Work required:
The answer must be an exact printing of every record below, with the pictures omitted.

Data:
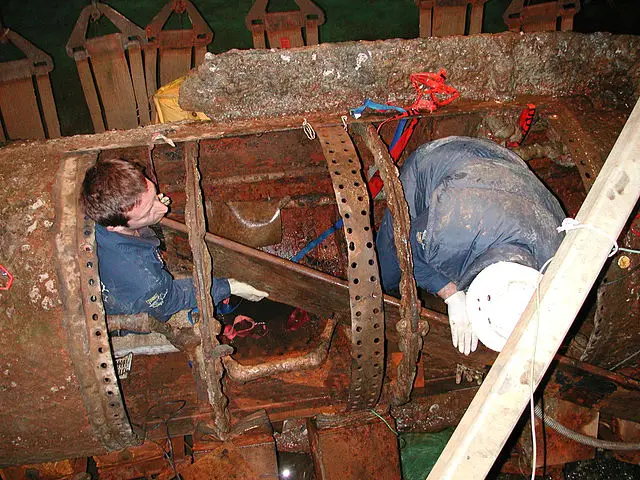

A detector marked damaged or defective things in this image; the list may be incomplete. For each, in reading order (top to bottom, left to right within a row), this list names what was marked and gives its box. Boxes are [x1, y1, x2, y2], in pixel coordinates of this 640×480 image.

corroded iron strap [53, 154, 138, 450]
corroded iron strap [182, 141, 230, 436]
corroded iron strap [316, 124, 384, 408]
corroded iron strap [350, 123, 424, 404]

Output below:
A detector marked damaged or defective things in this image; the list may be incomplete. For each, in reading order (top to bottom, left to right within a row), this list names what was marked and gives its box. Boxes are [x1, y1, x2, y2], in pixel coordinates of this 640×480 image.

corroded iron strap [53, 154, 138, 450]
corroded iron strap [182, 141, 230, 436]
corroded iron strap [316, 124, 384, 408]
corroded iron strap [350, 123, 424, 404]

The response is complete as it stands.